EXERCISE AIM:
What you produce should be an exact transcription of the data, minus any pictures.

[RECORDS TO USE Boundary: Start]

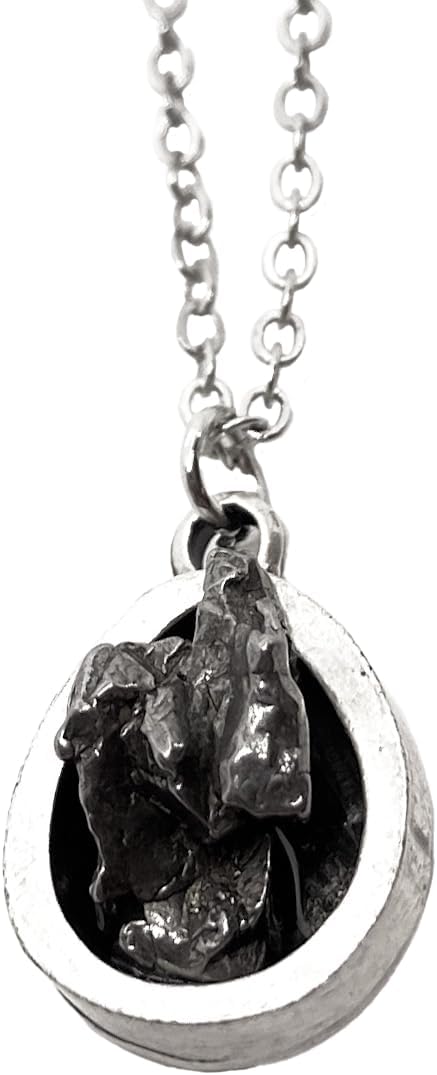 Meteorite Necklace with Teardrop Pendant for Science Lovers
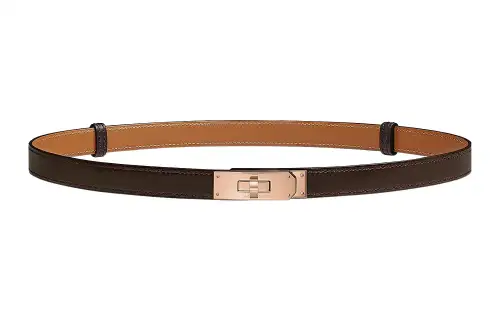 HERMES Avant Garde Rose Gold Buckle Hunter Leather Belt Kelly Women's Ebony Width 1.8cm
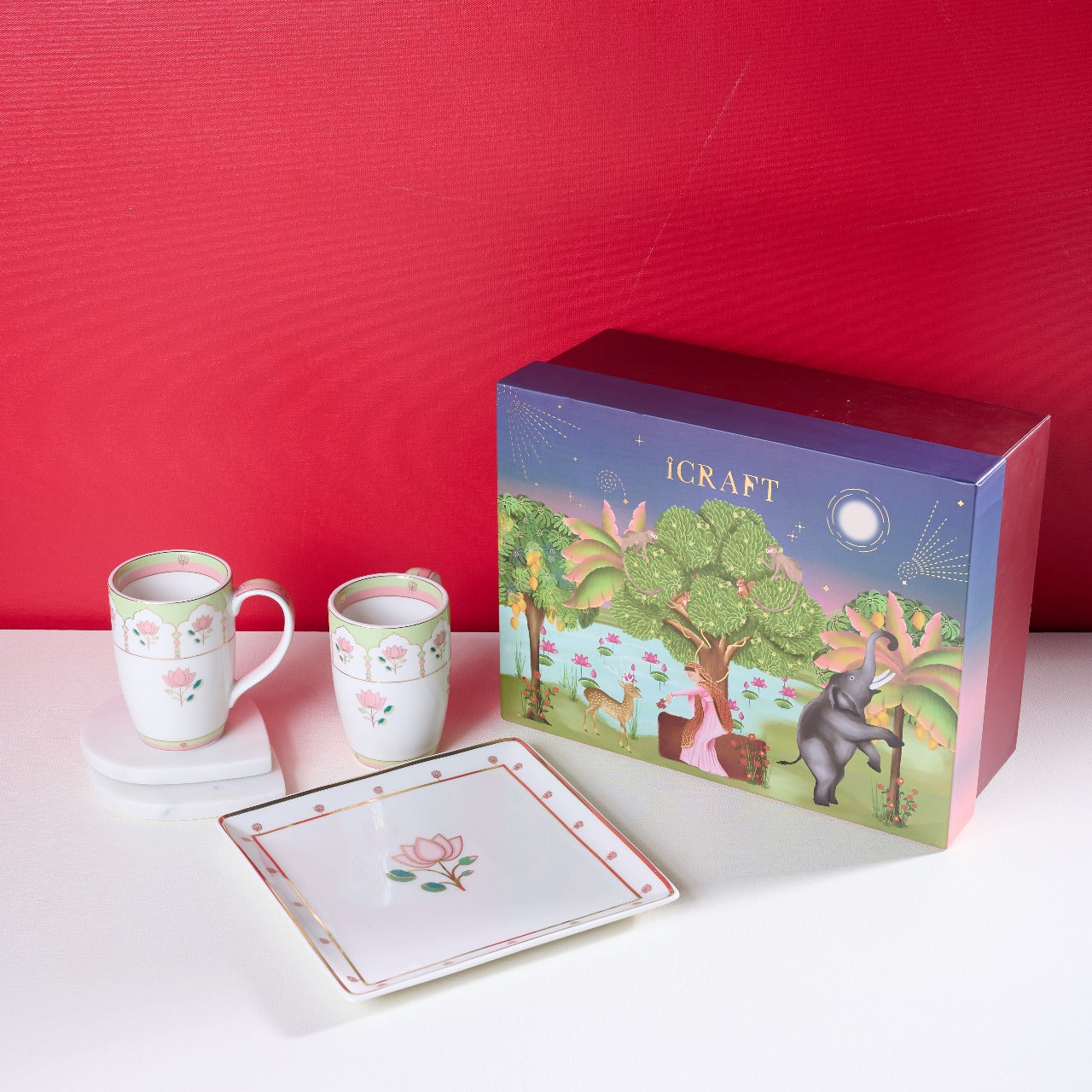 Kamal Pichwai Mugs and Platter Hamper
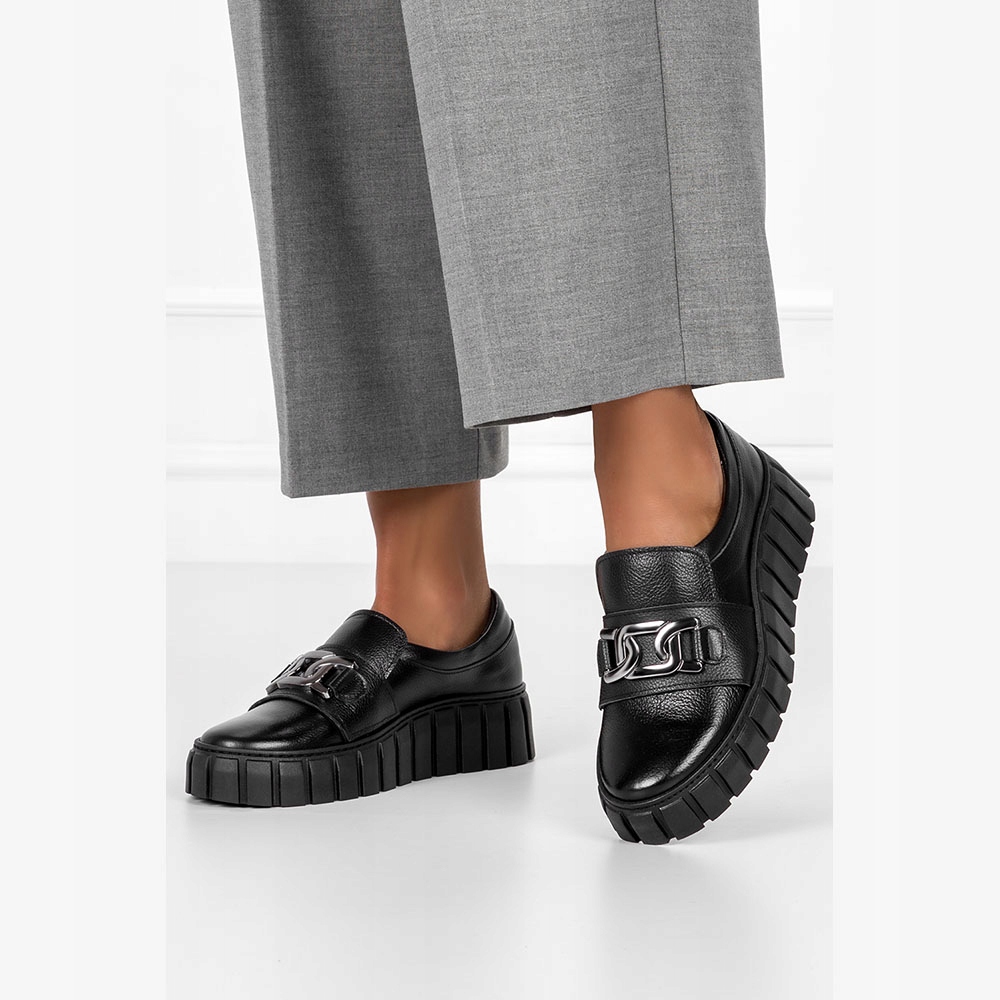 CREEPERSY NA PLATFORMIE SKÓRZANE Z OZDOBĄ WSUWANE Rozmiar 37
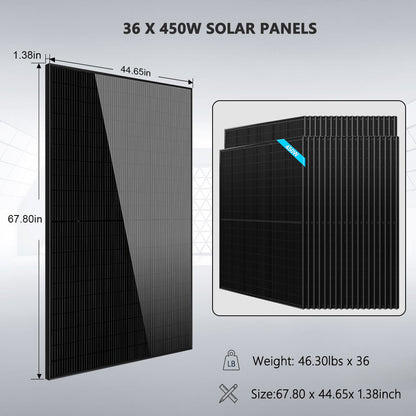 Hybrid Solar Kit 11.4KW 48V Split Phase 51.2 KWH Lithium Battery 36 X 450 Watt Solar Panel (Optional) SGH-11N5E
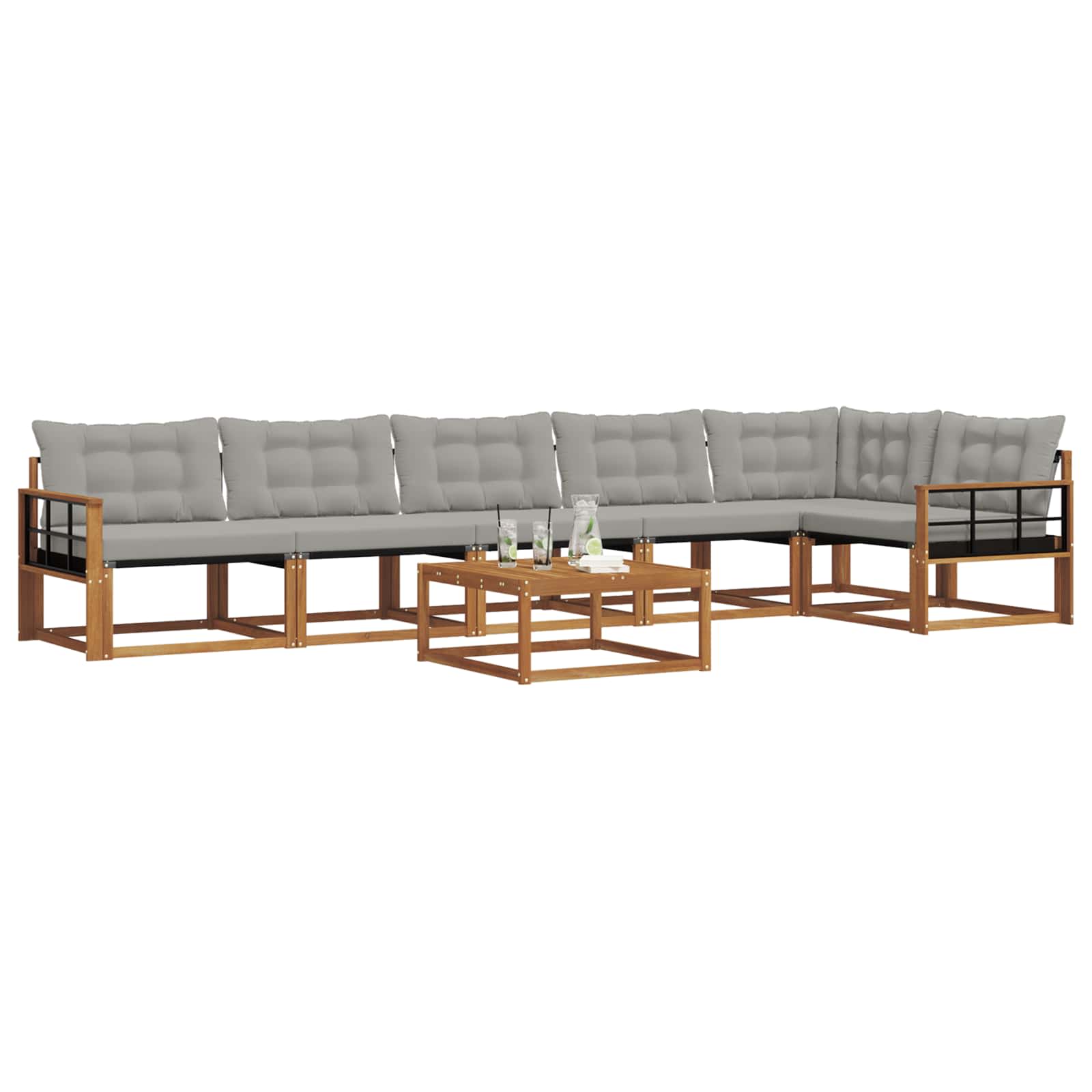 Outdoor-Sofagarnitur mit Kissen 7 pcs Natürlich und Hellgrau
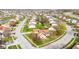 This aerial view shows the property's position on a corner lot in the neighborhood at 448 Yorktown Ln, Avon, IN 46123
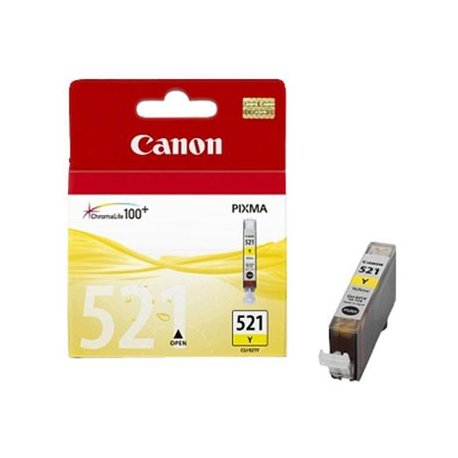 Tinteiro Canon 521 Amarelo 2936B001 9ml 477 Pág. CANCLI521Y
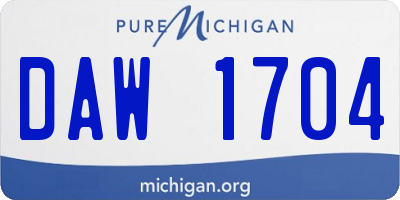 MI license plate DAW1704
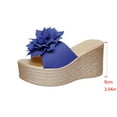 thumbnail image 4 of Sandals For Women 2025 Comfortable Espadrille Wedge Thick Heel Open Toe Slip-on Slides Slippers Comfortable Walking Beach Sandals for Women Dressy Summer 8.5, 4 of 5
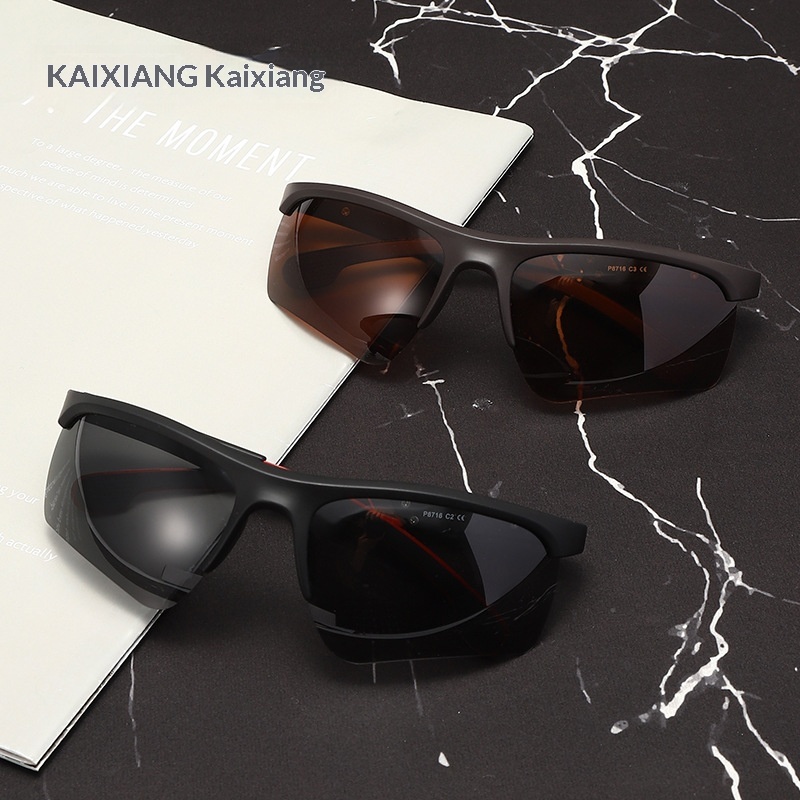 Óculos de Sol Esportivos Polarizados de Meia Armação Tor Zur Wildnis para Homens, Ideais para Dirigir e Andar de Bicicleta, com Proteção UV e Antirreflexo._voghion.com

[RECORDS TO USE Boundary: End]

FINAL ANSWER:
 Meteorite Necklace with Teardrop Pendant for Science Lovers
 HERMES Avant Garde Rose Gold Buckle Hunter Leather Belt Kelly Women's Ebony Width 1.8cm
 Kamal Pichwai Mugs and Platter Hamper
 CREEPERSY NA PLATFORMIE SKÓRZANE Z OZDOBĄ WSUWANE Rozmiar 37
 Hybrid Solar Kit 11.4KW 48V Split Phase 51.2 KWH Lithium Battery 36 X 450 Watt Solar Panel (Optional) SGH-11N5E
 Outdoor-Sofagarnitur mit Kissen 7 pcs Natürlich und Hellgrau
 This aerial view shows the property's position on a corner lot in the neighborhood at 448 Yorktown Ln, Avon, IN 46123
 Tinteiro Canon 521 Amarelo 2936B001 9ml 477 Pág. CANCLI521Y
 MI license plate DAW1704
 thumbnail image 4 of Sandals For Women 2025 Comfortable Espadrille Wedge Thick Heel Open Toe Slip-on Slides Slippers Comfortable Walking Beach Sandals for Women Dressy Summer 8.5, 4 of 5
 Óculos de Sol Esportivos Polarizados de Meia Armação Tor Zur Wildnis para Homens, Ideais para Dirigir e Andar de Bicicleta, com Proteção UV e Antirreflexo._voghion.com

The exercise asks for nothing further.